UN QUADRO IN 30 RIGHE – La Vergine della fontana, opera giovanile di Jan van Eyck, è un miracolo. Un miracolo condensato in uno spazio microscopico, dodici centimetri di base per diciannove d’altezza, meno di una comune busta per corrispondenza. Un miracolo che si rivela con l’accendersi di una luce pura, gioiosa e pervasiva.
La Vergine è insieme solenne – per via del plastico manto che la avvolge – e soavissima, nell’incontro ravvicinato del suo viso da fanciulla del nord con il tenero corpicino dell’Infante. Davanti a lei, una fontanella dal quieto zampillare. Alle sue spalle erbe, e foglie, e fiori: un angolo di giardino senza rare, aristocratiche corolle, scampolo di un paradiso umile e ciononostante meraviglioso, un paradiso che la pittura – pensa il giovane Jan – dovrà pur cominciare a raccontare; perché non ad altro serve la pittura, se non a raccontare bellezze e misteri del mondo, tutte le bellezze e tutti i misteri, anche i più, all’apparenza, insignificanti.

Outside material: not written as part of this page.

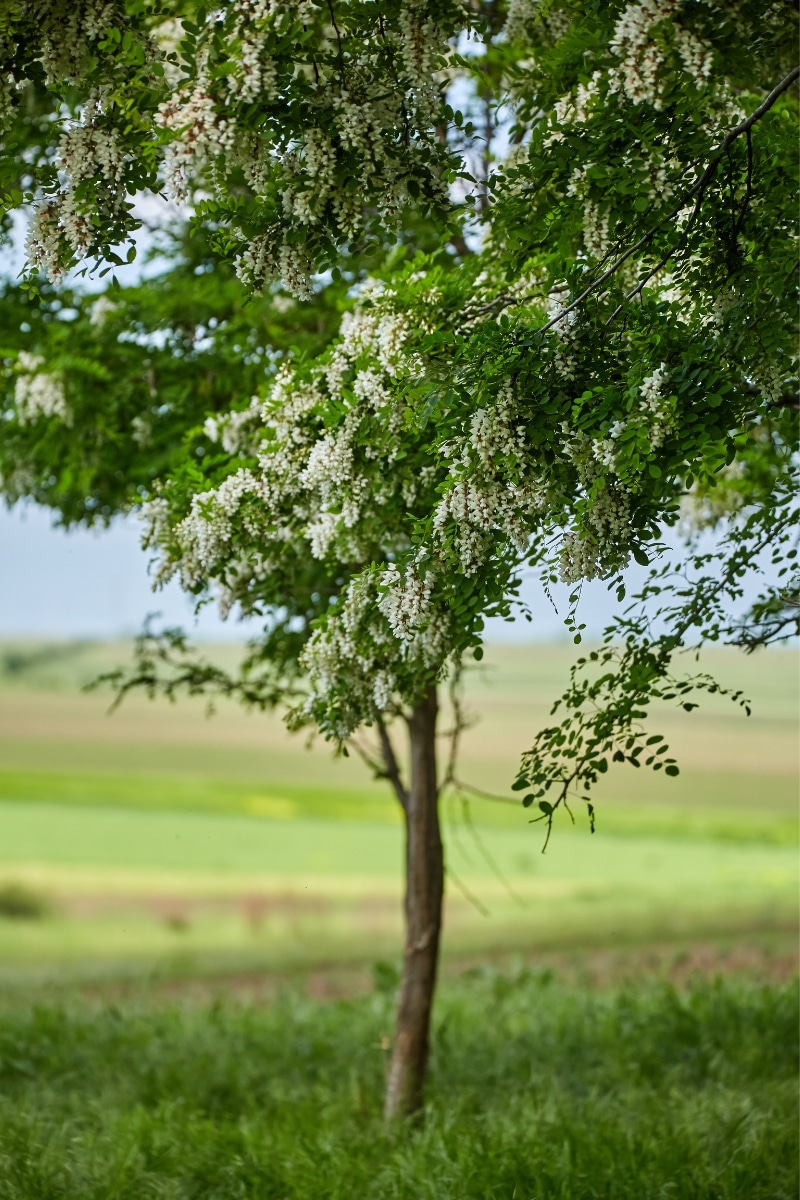 Le Robinier faux-acacia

jan van eyck-la vergine della fontana

A questo punto, Van Eyck il rivoluzionario deve aver provato un brivido. “E se stessi andando troppo in là? – dev’essersi chiesto, spaventato. – E se i fiorellini selvatici, e gli steli d’erba, e le anonime foglie fossero un fondale inadeguato per sovrapporvi l’immagine del figlio di Dio e di sua madre?”. Ed ecco così calare dall’alto, appesi a invisibili funi, due macchinisti teatrali travestiti da angeli, a reggere un secondo fondale, una stoffa preziosa ricamata d’oro che si srotola, giù, ai piedi di Maria.

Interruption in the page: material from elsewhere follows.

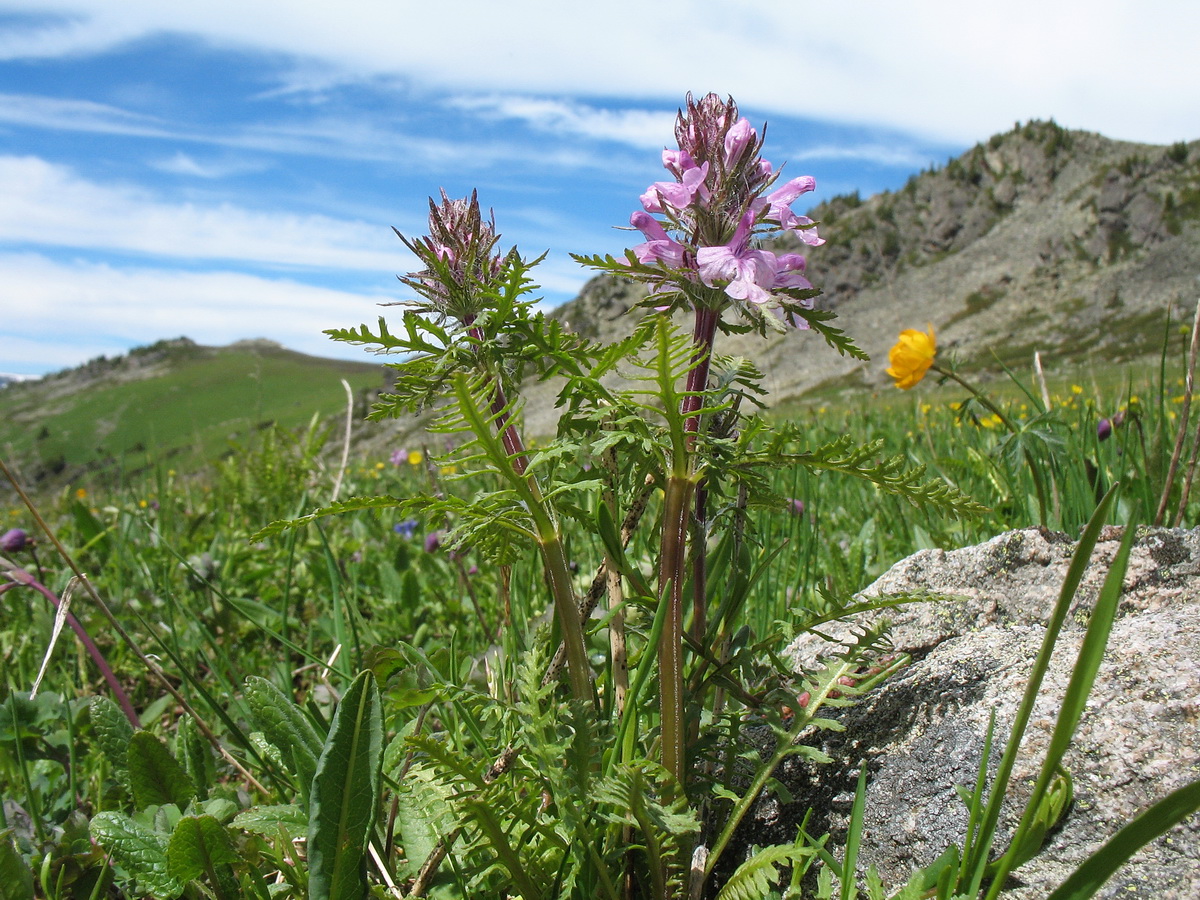 Изображение особи Pedicularis anthemifolia.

Non sappiamo se la trovata lasciò soddisfatto il nostro pittore. Quel che invece sappiamo con certezza è che egli non rinunciò, in seguito, a lavorare attorno al problema. Fino a risolverlo in uno dei suoi quadri più celebri, la Madonna del cancelliere Rolin, sintesi sublime di luce, volti umani, natura e tessuti arabescati.